リネン素材の原料となるのは、亜麻(フラックス)という植物です。
古代から栽培されているこの植物ですが、実際に育っているところってなかなか見たことがないですよね。
亜麻(フラックス)ってどんな植物で、どのように栽培されているんでしょうか。
これを知ったらもっとリネンが好きになる!
約1万年の歴史がある亜麻(フラックス)の栽培。
人類がはじめて栽培した植物のひとつと言われているくらい、ずっと人間の生活を支えてきた植物です。
亜麻(フラックス)は紀元前8000年~7000年ころには現在のトルコやシリアを中心とした地域で、紀元前5000年~2000年にはエジプトでも栽培されるようになりました。
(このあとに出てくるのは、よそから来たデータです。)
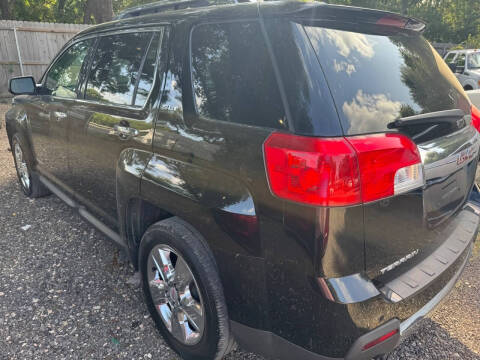 2015 GMC Terrain SLT-2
その後は世界各地で栽培されるようになり、現在の収穫高は
1位 フランス
2位 ベルギー
3位 ベラルーシ
4位 ロシア
5位 中国
以下、イギリス、オランダ、エジプト、チリ…
となっています。
パリにあるヨーロッパリネン連盟によると調査によると、現在世界のリネン生産高はヨーロッパが90%以上を占めています。その中でもフランスが約80%、次いでベルギーが約15%。
なかでも有名なのは、良質なリネン生産地が集中している「フランダース(フランドル)地方」フランス北部からベルギー西部、オランダ南部まで3つの国境を越えたこの一帯は、リネン栽培に適した涼しい気候と、川の流れる自然環境でつながっています。
自然に国境はないので「フランス産」「ベルギー産」と別れていても、この地域のリネンは同じ風土で育った良質なリネンです。
ちなみにリネン製品の原産国表記に「中国」と書かれているものをみるケースも多いかと思いますが、それはリネンの紡績工場が中国に集中している要因もあります。
フランスやベルギー産のフラックス原料を使用しているけど、そのあと中国で紡績した糸で製品化したリネン製品というパターンも多いです。
では亜麻の畑の様子をみてみましょう。
繊維をとるために植えられる亜麻(フラックス)は、北部ヨーロッパなどの寒冷な地方で栽培することができる一年草です。
春になると種をまき、そこから2か月半で高さが1メートルほどにもなる、とても生育のいい植物なんです。涼しい土地で、短期間で勢いよく育つので、農薬もほとんど使用する必要がありません。除草剤や化学肥料などの力を借りることなく、ぐんぐん育ちます。
つまり、人体にとっても安全で、土壌を荒らすこともない、地球環境にやさしい、エコな植物なんです。
ただ、生育が早いということは、土壌の肥料分を多く消耗します。そのため、亜麻(フラックス)栽培は輪作で行われます。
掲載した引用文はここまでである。